The overall gameplay in the mod attempts to mimic all of the traditional capture the flag features presented in other video games while providing features unique to itself. Gameplay features such as the ability to pass the flag long distances, wall jumping and use of the gravity gun to manipulate props as a weapon combine to expand upon the traditional capture the flag gameplay found in other action games with a capture the flag game mode.

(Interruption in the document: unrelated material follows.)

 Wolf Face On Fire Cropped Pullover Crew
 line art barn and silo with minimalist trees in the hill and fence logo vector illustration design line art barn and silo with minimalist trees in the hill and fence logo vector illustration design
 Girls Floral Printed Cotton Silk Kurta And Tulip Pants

There are seven modes of play: Capture the Flag (CTF), One-Flag (1F), Domination (DOM), Football (FB), Territorial Control (TC), Capture Point (CP) and Attackers versus Defenders (AVD).

==Development ==
The co-founders of the Half-Life 2: Capture the Flag Project are Andrew Blevins and Patrick Flanagan who produced the popular game mod for Quake III Arena called Q3 Gridiron which is a chaotic game mod based on American football and referred to as "Football with Rocket Launchers." After the successful release of the Q3 Gridiron game modification, the two built a second game mod for Quake 3 named xCTF which was never completed as they decided to build a capture the flag mod on the then (2004) newly released Half-Life 2 Source SDK which ultimately was released as Half-Life 2: Capture the Flag.

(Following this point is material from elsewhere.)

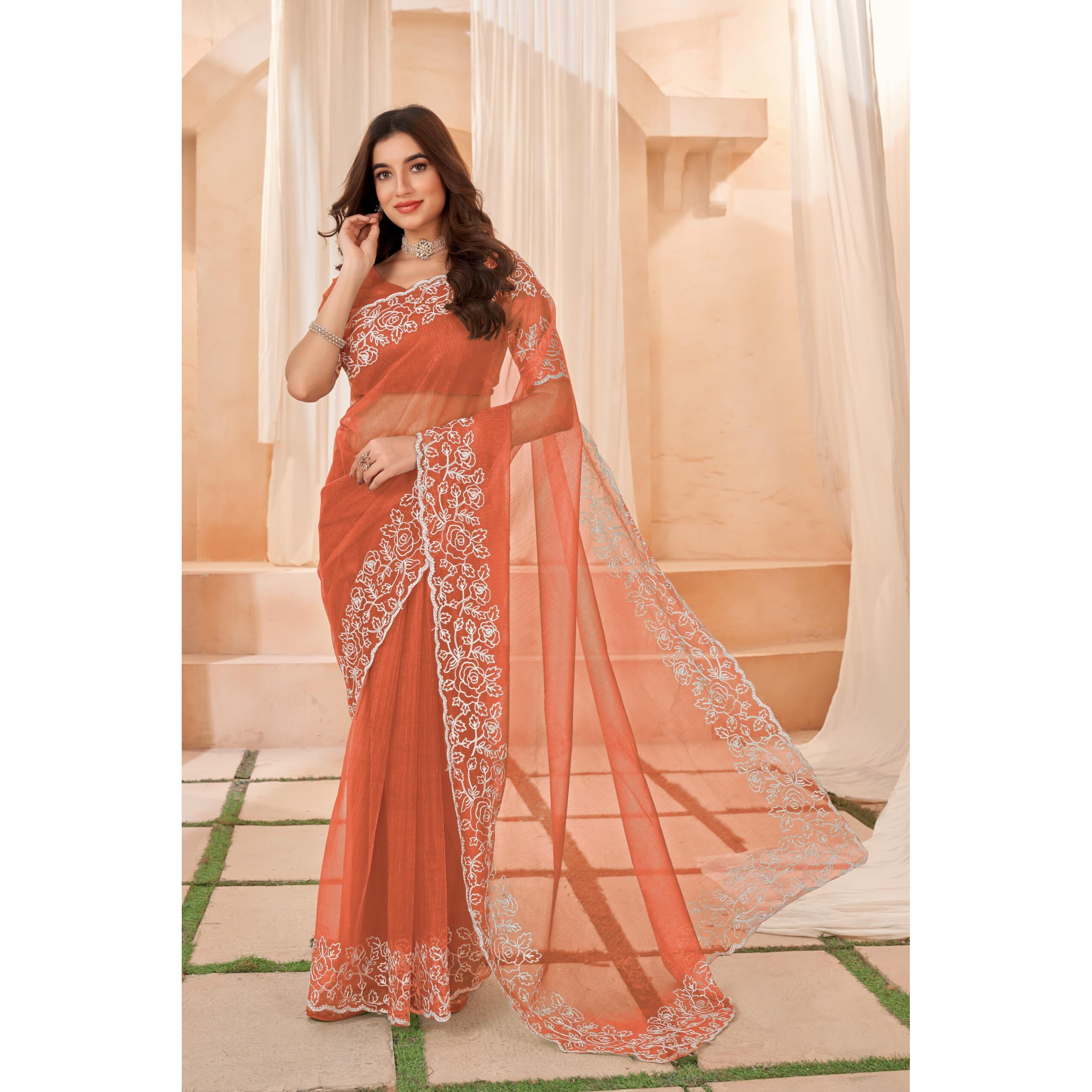 Glory Sarees Women's Organza Silk Embroidered Saree With Blouse Piece (Organza102_Orange)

Since the original beta development of the mod, many other players, designers and programmers have come forward to contribute to the project. Many of the developers have gone on to work in their respective disciplines for large gaming companies and other game modification projects. The full list of developers, play testers and the full history of the mod can be found in the HL2CTF_readme.txt included in the game mod installation file.

==Reception==
Half-Life 2: Capture the Flag met with positive reviews upon release. Several gaming websites and print media gave the game praise.
- PC Gamer published an article in the July 2005 edition of the magazine and included an early version of the mod on the attached game demo disk for that month.
- ModDB called HL2:CTF "The best multiplayer Half-Life 2 experience you are going to run across. Period."
- Planet Half-Life states that HL2:CTF "Provides an incredibly fun, action-packed experience for players of all levels of skill."